Iran’s Quds commander calls for Kurdish electorate to turn out at ballot box

ERBIL, Kurdistan Region— Head of the elite military Quds Force  in Iran’s Kurdistan province has urged voters across the Kurdish regions to turn out in force at the ballot box next week. 

The country prepares to hold its 12th presidential election on May 19 in what is predicted to be one of the most closely-contested general elections since Iran’s Islamic Revolution in 1979.

“The people of Kurdistan will record a high turn out in the elections despite the many problems that have existed and still exist and will demonstrate the fact that the political awareness and maturity is at the highest levels in this region,” said Muhammad Hussein Rajabi, commander of the Quds Force of the Iranian Revolutionary Guards in the country’s Kurdistan province. 

“In this very sensitive and dangerous period of the existing world and regional order, they should vote for the candidate who could best solve the country’s problems,” Rajabi said addressing a televised gathering in the provincial capital Sanandaj Thursday. 

Rajabi’s comments came as response to an earlier declaration from six Kurdish oppositions groups based in the Kurdistan Region in Iraq who called for a boycott of the elections. 

Rajabi also said that the security in the Kurdish areas was “sustainable” and would not be undermined in the face of what he described as “regional instability.”

There Kurdish armed groups including the Kurdistan Democratic Party of Iran have resumed their armed struggle against Tehran and said more forces will be mobilised inside Iran’s Kurdish regions near the Iraqi borders following deadly clashes last summer. 
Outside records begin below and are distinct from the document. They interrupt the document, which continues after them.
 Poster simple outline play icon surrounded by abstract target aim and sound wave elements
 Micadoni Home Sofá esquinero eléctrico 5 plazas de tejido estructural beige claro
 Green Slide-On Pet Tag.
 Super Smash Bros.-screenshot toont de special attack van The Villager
Election campaigns for the post of the country’s presidency and city councils kicked off last month with the incumbent President Hasan Rouhani leading the so-called moderate camp against the conservative hardliners including Ebrahim Raisi, a potential successor to Iran’s supreme leader and former President Mahmoud Ahmadinejad.  

Iran’s exiled Kurdish opposition groups have jointly called on Kurdish voters to boycott the elections in the country describing the vote as “a masquerade” staged by “a regime that has deprived the human and just rights” of the people in Iran’s Kurdistan.  

Around 76 percent of the Kurdish electorates voted for Rouhani in the 2013 elections whose campaign promises included recognition of broader Kurdish cultural and educational rights. But critics have slammed Rouhani’s administration over the past years for what they have described as a continuation of state-sponsored discrimination against Kurdish population in the country. 

With nearly 10 million Kurds living mostly in the western and northwestern parts of the country, the Kurdish vote is expected to have a determining impact on the outcome of the elections in what appears to be a tight race between the two presidential frontrunners.